The push to change the Justice Department's secret-evidence policy collapsed after Sept. 11, 2001, but the Islamic Institute continued to lobby the Bush administration on Muslim civil rights. The institute has arranged or participated in more than half a dozen meetings since Sept. 11 for Muslim leaders to convey their concerns to Attorney General John Ashcroft and other top administration officials about investigations, arrests and detentions of Muslims.

Frank Gaffney, a former senior Pentagon official in the Reagan administration, faults Mr. Norquist and his associates for their involvement in arranging such meetings. Mr. Gaffney, who was once close to Mr. Norquist, notes that the 2000 campaign meeting with Mr. Bush in Austin -- to which Mr. Saffuri brought prominent American Muslims -- included a Muslim activist who later publicly expressed sympathy with U.S.-designated terrorist organizations Hamas and Hezbollah. Abdurahman Alamoudi, a founder of the American Muslim Council, was recorded at a Washington rally later in 2000 saying, "We are all supporters of Hamas," and, "I am also a supporter of Hezbollah." He has since apologized for those remarks and said he wishes to retract them. When the institute became aware of Mr. Alamoudi's comments, officials there demanded an apology and ceased working with him.

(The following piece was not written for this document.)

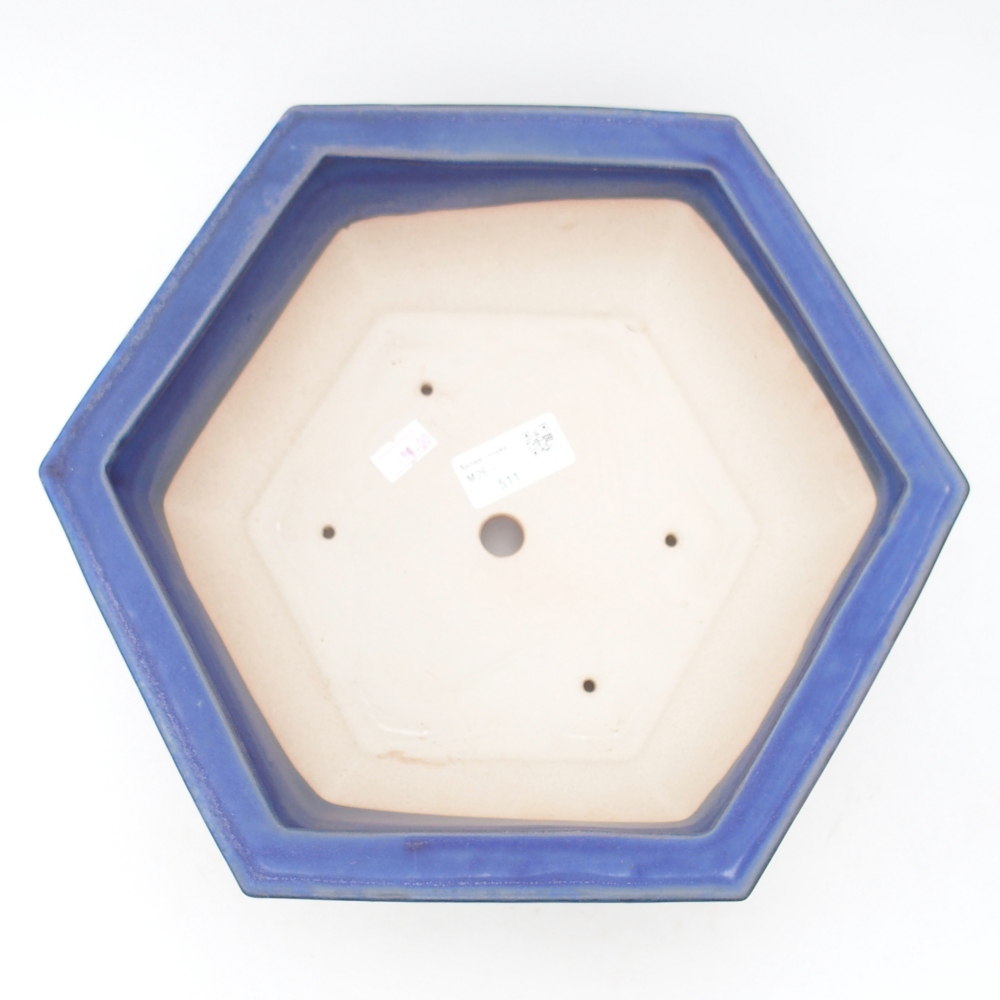 kerámia bonsai tál 28 x 24,5 x 9 cm, kék színben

"Allowing these sorts of organizations to meet with the president and his senior subordinates is a very bad idea," says Mr. Gaffney. While the administration now is cracking down on terrorism abroad and at home, Mr. Gaffney says Mr. Norquist's Muslim-related activities could still lend legitimacy and "undesirable influence over policy" to individuals and groups hostile to American interests.

"This is nonsense," Mr. Norquist responds. He says such objections reflect "an ongoing campaign to try and attack the Islamic Institute and Muslim participation in politics."

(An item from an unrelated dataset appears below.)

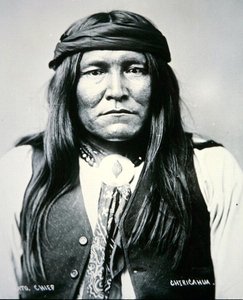 Chato, chef de la tribu Chiricahua - Photographer American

Mr. Rove rejects the criticism with equal vehemence. "What's the evidence" of undesirable influence? he says. "There's no there there." Mr. Norquist's standing at the White House remains good, and a weekly Wednesday breakfast meeting he hosts for conservatives still draws 100 or more activists.

Despite the criticism, the Islamic Institute has continued to put socially conservative Muslims in touch with Republican activists. Mr. Rifai, the Muslim lawyer in New Jersey who represents Islamic schools, says that in the late 1990s, the institute introduced him to conservatives in that state seeking more government financial support for religious schools. One of those conservatives, Larry Cirignano, chairman of a group called Catholics.Org, says that the Islamic Institute helped him and other Catholic activists recruit Muslims to join antiabortion demonstrations in New Jersey, Washington and elsewhere.

In Washington, the Islamic Institute has helped furnish Muslim support for various Bush administration causes. After Sept. 11, 2001, Mr. Saffuri, wrote a paper justifying U.S. military action during the Muslim holy month of Ramadan. Mr. Norquist passed along the document to the White House National Security Council. A senior administration official says it was used in developing talking points by U.S. officials defending the U.S. attack on Afghanistan.